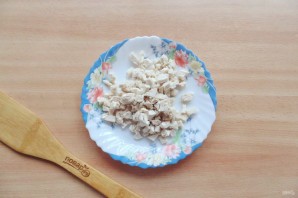 Слоеный салат с курицей и картофелем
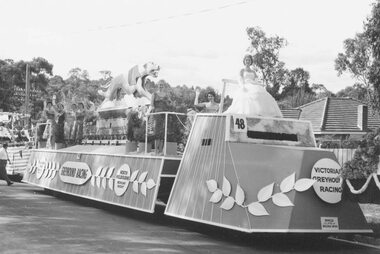 Photograph, City of Ringwood celebrations, 1960. Floats in procession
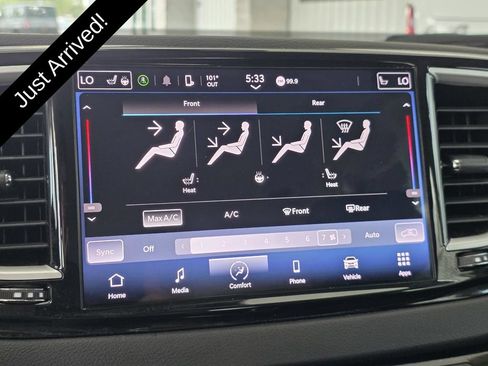 Used 2024 Chrysler Pacifica Touring-L FWD image 17
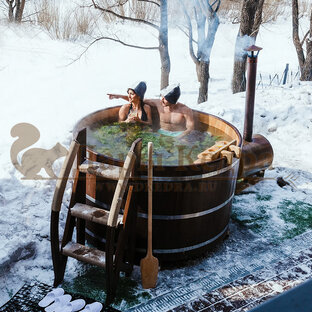 Уличные купели из кедра с печкой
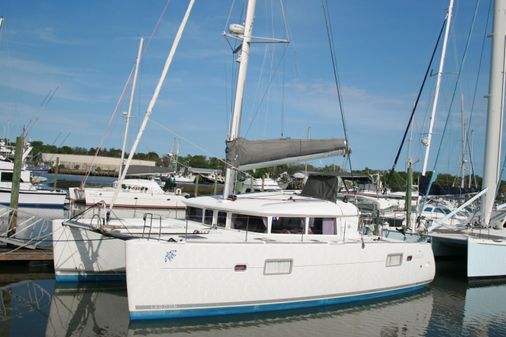 Lagoon 400 image
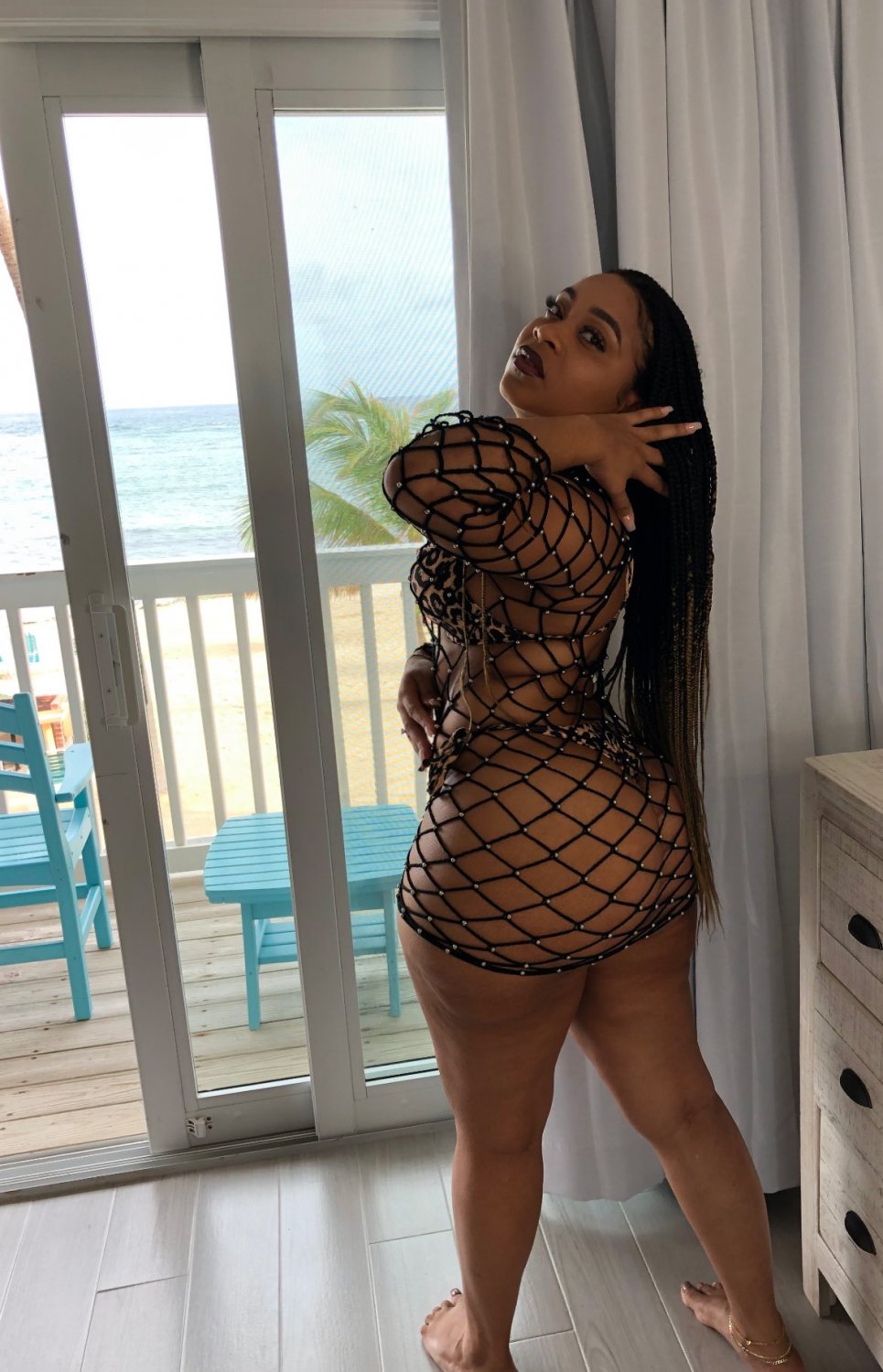 audrey-destune-v0 7xsrif5v60091 10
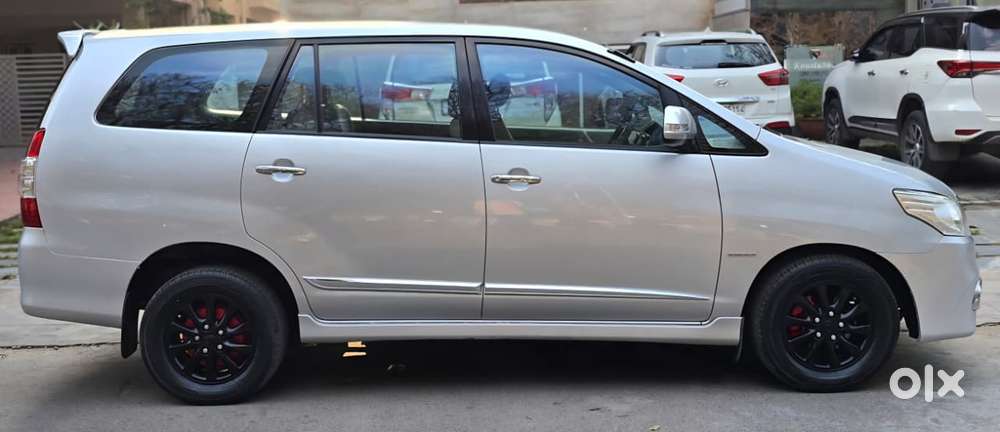 Toyota Innova 2.5 Vx (diesel) 8 Seater Bs Iv, 2014, Diesel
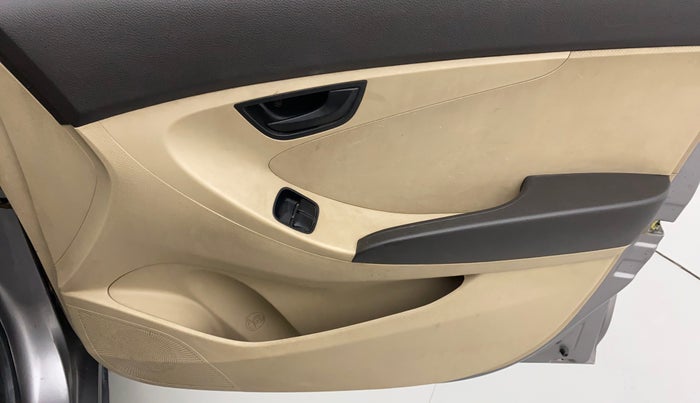 2013 Hyundai Eon ERA +, Petrol, Manual, 55,850 km, Driver Side Door Panels Control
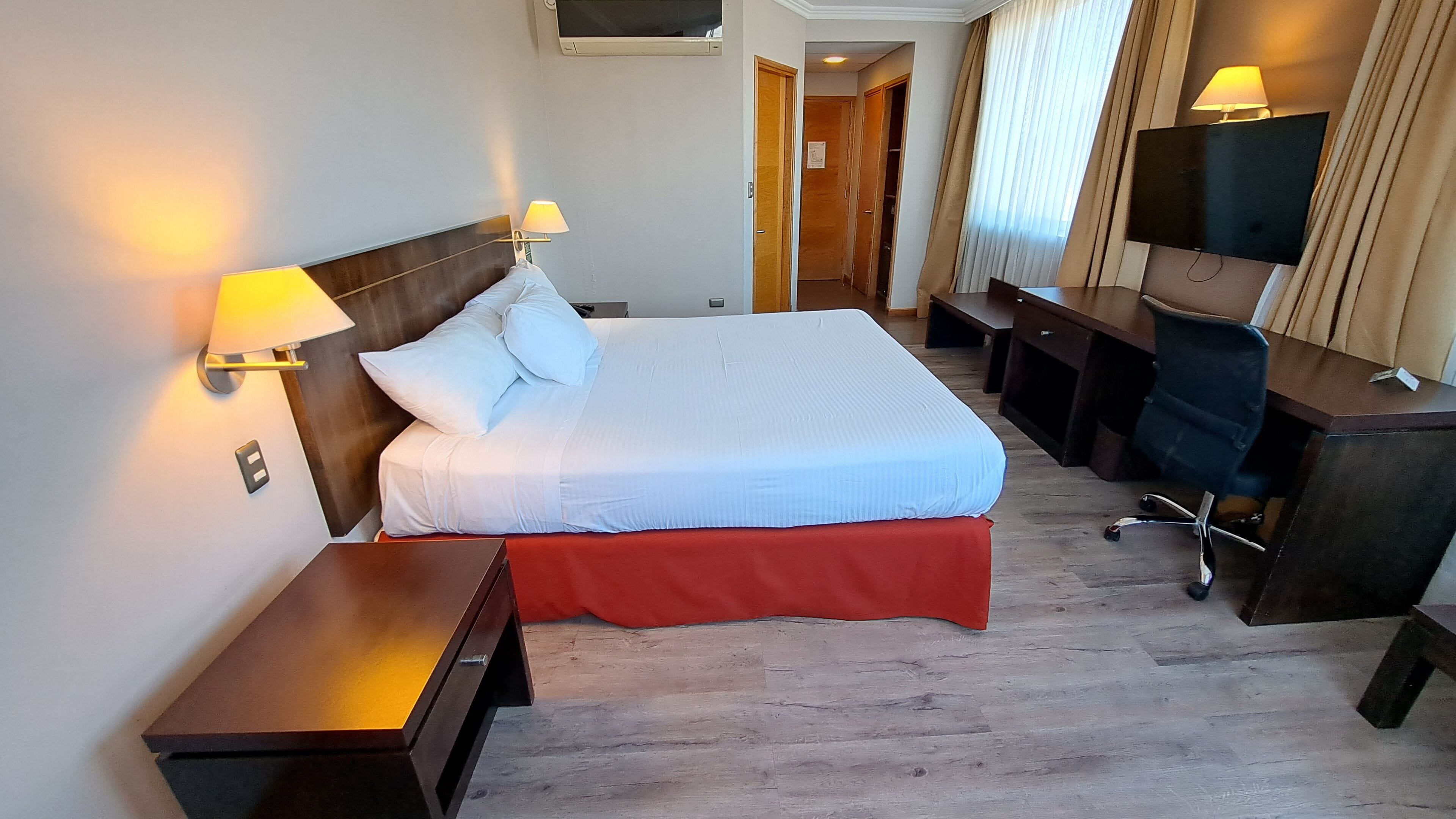 standard double room | minibar, in-room safe, desk, free wifi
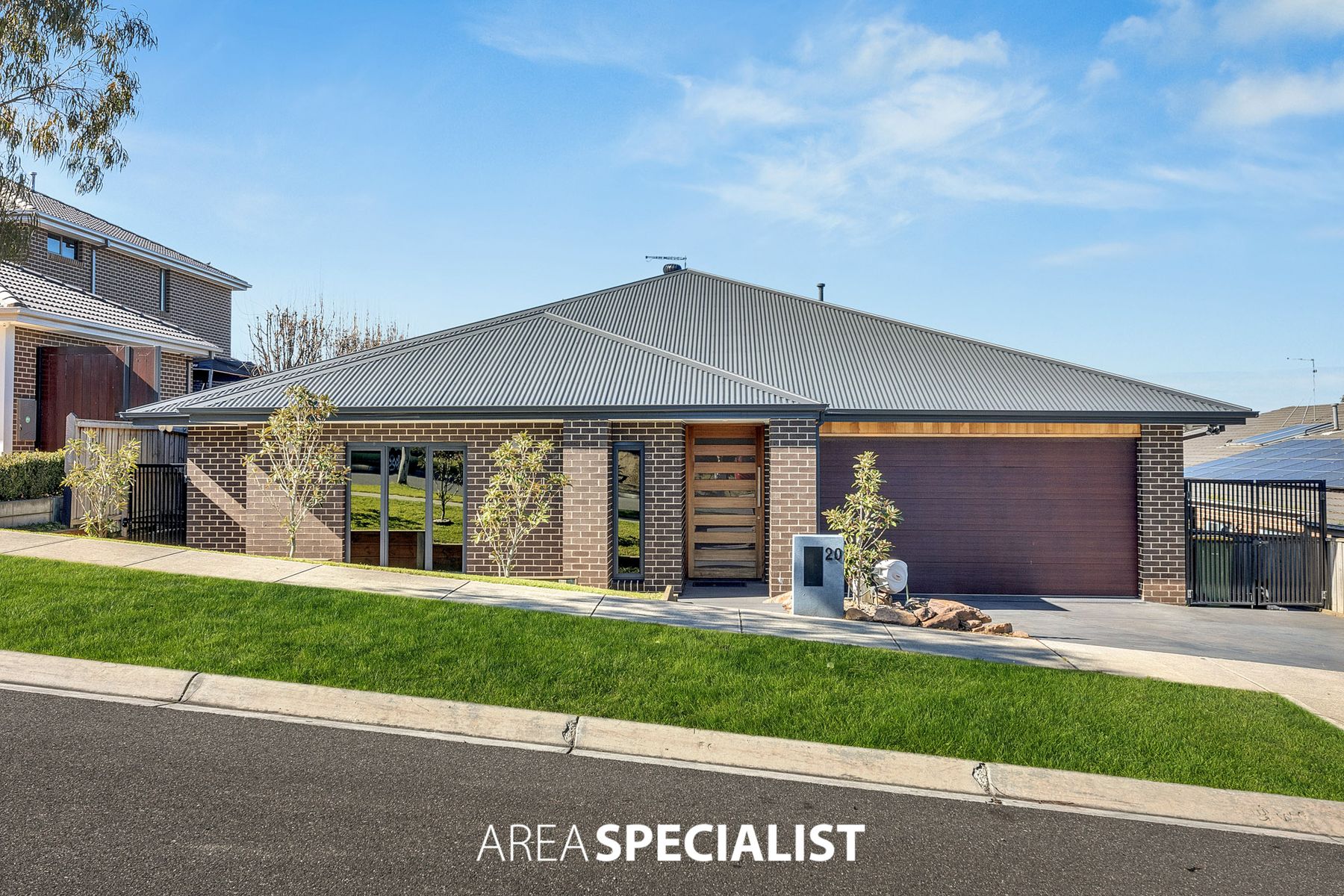 20 Grattan Way, Pakenham, VIC 3810, Pakenham - Thumbnail 2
◇ ◇ ◇ ◇ ◇
### [Exercise]
Exactly as written, copy the entries above without their pictures.

### [Problem solution]
 Слоеный салат с курицей и картофелем
 Photograph, City of Ringwood celebrations, 1960. Floats in procession
 Used 2024 Chrysler Pacifica Touring-L FWD image 17
 Уличные купели из кедра с печкой
 Lagoon 400 image
 audrey-destune-v0 7xsrif5v60091 10
 Toyota Innova 2.5 Vx (diesel) 8 Seater Bs Iv, 2014, Diesel
 2013 Hyundai Eon ERA +, Petrol, Manual, 55,850 km, Driver Side Door Panels Control
 standard double room | minibar, in-room safe, desk, free wifi
 20 Grattan Way, Pakenham, VIC 3810, Pakenham - Thumbnail 2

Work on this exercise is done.